It is the spring of 2020 and much of the world is in lockdown in an effort to control the spread of a pandemic. We are in a boat on the pond, driving posts and installing wood duck nest boxes.  The chorus frogs are singing, as are redwing blackbirds and cardinals. The goose nest on the island holds four eggs.

The stock market is crashing. Millions of businesses have been ordered closed. The roadways are restricted to essential travel. Unemployment claims are at record levels.

In the garden all 100 fall planted garlic cloves have sprouted. Their new leaves have pushed through heavy mulch and are reveling in the sun. The first crinkled leaves of rhubarb are showing.  The cover crop is putting on a burst of new growth, locking in nutrients and creating organic mass to feed the year’s vegetables.

No one knows the ultimate impact of the pandemic; how long it might last, how many will be infected, the death rate, the economic consequences. Everybody’s talking but no one knows.

On the pond there is a pair of hooded mergansers in full breeding plumage. As we watch, the hen flies into one of the old nest boxes while her mate waits patiently in the water below.  After a time she emerges. Almost certainly, she laid an egg, and we’re likely to see this same routine repeated tomorrow and for several days thereafter. It happens almost every year. But we’ve never had a merganser incubate a brood. Instead, a wood duck will enter the same box in the next week or two and also deposit an egg, and continue thereafter until satisfied with the number. Then she’ll incubate. In this way there are merganser ducklings among some wood duck broods. A species that dives for food is reared by one who dabbles, a fish eating duck is shown the ropes by one who feasts on seeds and snails. Apparently, it works.

The virus has brought the manufacturing world to a virtual standstill. Across the globe, air quality is the best in decades and improving daily.  Wastewater from industry is shut down, giving rivers a reprieve.  Travel of all kinds has been reduced.
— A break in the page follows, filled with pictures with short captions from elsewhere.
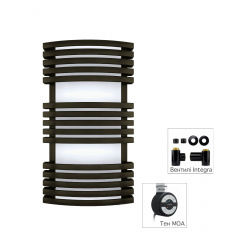 Рушникосушка комбінована Terma Kioto 870x480 Black mat (9005 mat) тен MOA + вентиль Integra Black mat Покровськ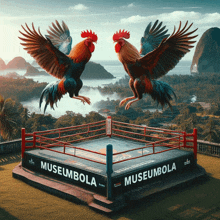 two roosters are standing in a boxing ring that says museumbola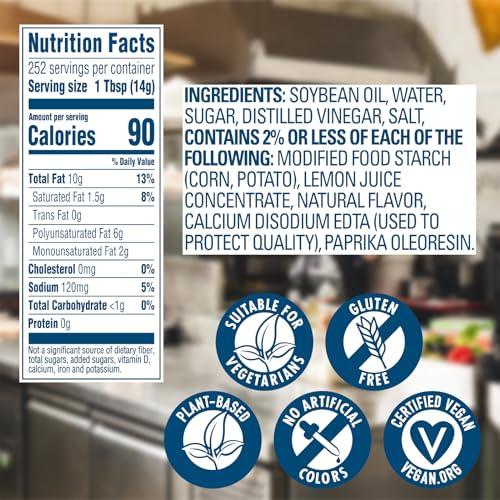 Best Foods Best Foods Vegan Mayonnaise Jar Made with Non GMO Sourced Ingredients, No Artificial Flavors or Colors, No Cholesterol, Gluten Free, 1 Gallon (Pack of 1)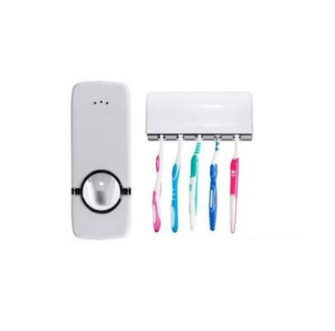 Toothpaste Dispenser & Toothbrush Case with Adhesive 1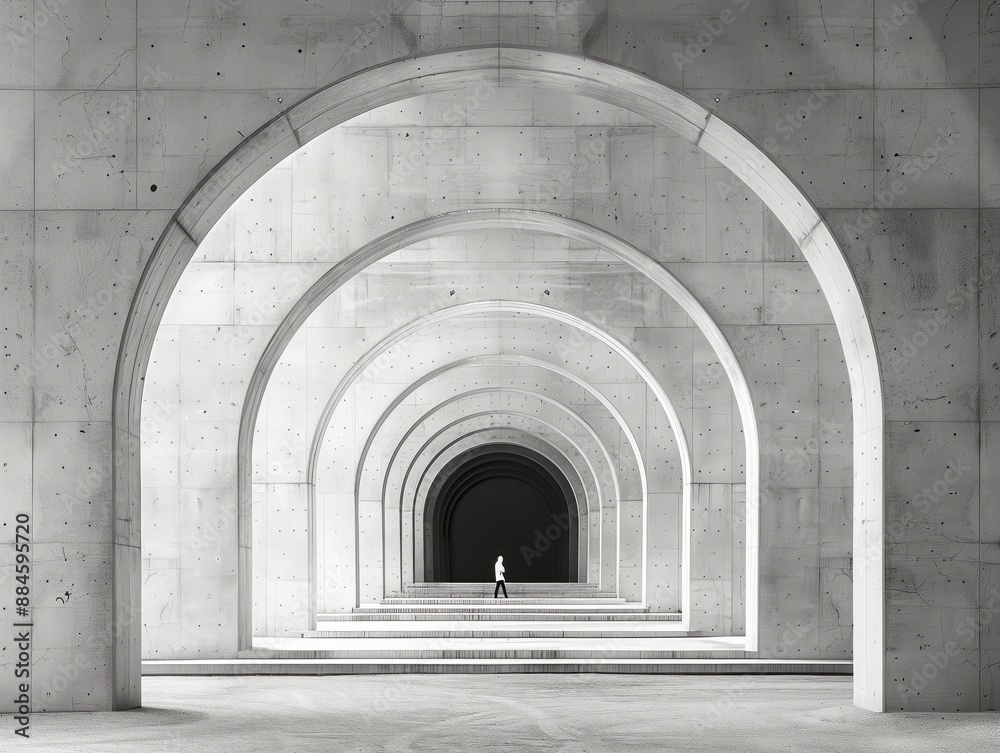 A black and white photograph of an architectural structure with symmetrical lines, a person standing at the center surrounded by arches, creating a sense of depth in perspective. A black and white photograph of an architectural structure with symmetrical lines, a person standing at the center surrounded by arches, creating a sense of depth in perspective.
In a matter of days, the healing power of the earth is evident. All around us, ancient processes continue, but less influenced by our presence. It begs the question: In the absence of man, what would the earth be like in 100 or 1000 years?  In all probability the wood ducks and mergansers would still be sharing nest sites, the chorus frogs would still be singing, the geese still incubating their broods. Water, air, and soil contaminants introduced by man would be largely broken down, trees would occupy much of their former range, CO2 levels would drop to less than 350ppm, animal populations would rebound.

Parts of the world did not react quickly enough to the pandemic, but yet the global reaction occurred at speeds never before witnessed.  The entire planet responded to an eminent threat. Economies shut down. Travel reduced to a crawl. People everywhere stayed home and did their part, and it was all a result of a scientific prediction that things could get bad quickly if we conducted business as usual.
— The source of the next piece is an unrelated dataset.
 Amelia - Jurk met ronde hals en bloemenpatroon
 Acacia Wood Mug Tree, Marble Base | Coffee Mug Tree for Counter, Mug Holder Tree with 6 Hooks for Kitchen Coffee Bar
Why does our reaction to a virus differ from our reaction to the threat of climate change?  The eminent threat, the evidence, the scientific consensus, is prevalent in both, but the virus, as bad as it is, doesn’t wield a fraction of the destructive potential stored in climate change. Many of the options for addressing a warming planet are fully developed and need only implementation, while a treatment or vaccine for the virus could be months or even years away.

This all exemplifies how critical a government's role is in bringing about rapid change. It takes policy mandates from the top to get the world to react. Capitalism or the inherent goodness in people doesn’t get it done, at least not quickly.
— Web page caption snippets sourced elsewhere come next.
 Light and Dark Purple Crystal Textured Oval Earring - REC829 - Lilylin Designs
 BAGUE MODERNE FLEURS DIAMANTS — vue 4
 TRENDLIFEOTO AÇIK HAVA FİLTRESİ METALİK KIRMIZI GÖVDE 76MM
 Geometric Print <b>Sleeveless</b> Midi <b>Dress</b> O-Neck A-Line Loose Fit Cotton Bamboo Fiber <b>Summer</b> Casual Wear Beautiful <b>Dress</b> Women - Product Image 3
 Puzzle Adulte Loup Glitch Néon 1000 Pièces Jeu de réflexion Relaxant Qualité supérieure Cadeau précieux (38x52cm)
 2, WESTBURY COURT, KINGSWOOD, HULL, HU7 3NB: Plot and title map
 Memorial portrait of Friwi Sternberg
Italian Darinka Montico has produced a dramatic YouTube video where she speaks from the virus’s perspective. (View the English version here: https://youtu.be/f5on3AZWdik)
She calls it “A Letter From the Coronovirus” and she begins “Just hold up. Simply stop. Don’t move. It’s not a request this time, it’s an order. I’m here to help… We had to interrupt. You don’t get to play god… Last year, the firestorms that set the lungs of the earth on fire didn’t stop you, nor did the melting glaciers, or your sinking cities, or knowing you’re the one single cause of the sixth mass extinction... I’ll light the firestorms inside your body. I’ll flood your lungs. I’ll isolate you like a polar bear marooned on a lone raft of ice… You have to hear this.  I’m shouting for you to stop!... I’m here to help, just listen”.

Spring, 2020 and the wild garlic and greens are waiting for an invitation to the salad bowl.  Some hospitals are in dire straits, short on critical supplies and not enough beds for the sick. Seventy five percent of songbird populations have declined. The coral reefs are dying. The US could become the new epicenter for the pandemic. Worst case scenarios abound.  Everyone’s clamoring, hoping, urgently working and waiting and praying that everything returns to normal.

And then what?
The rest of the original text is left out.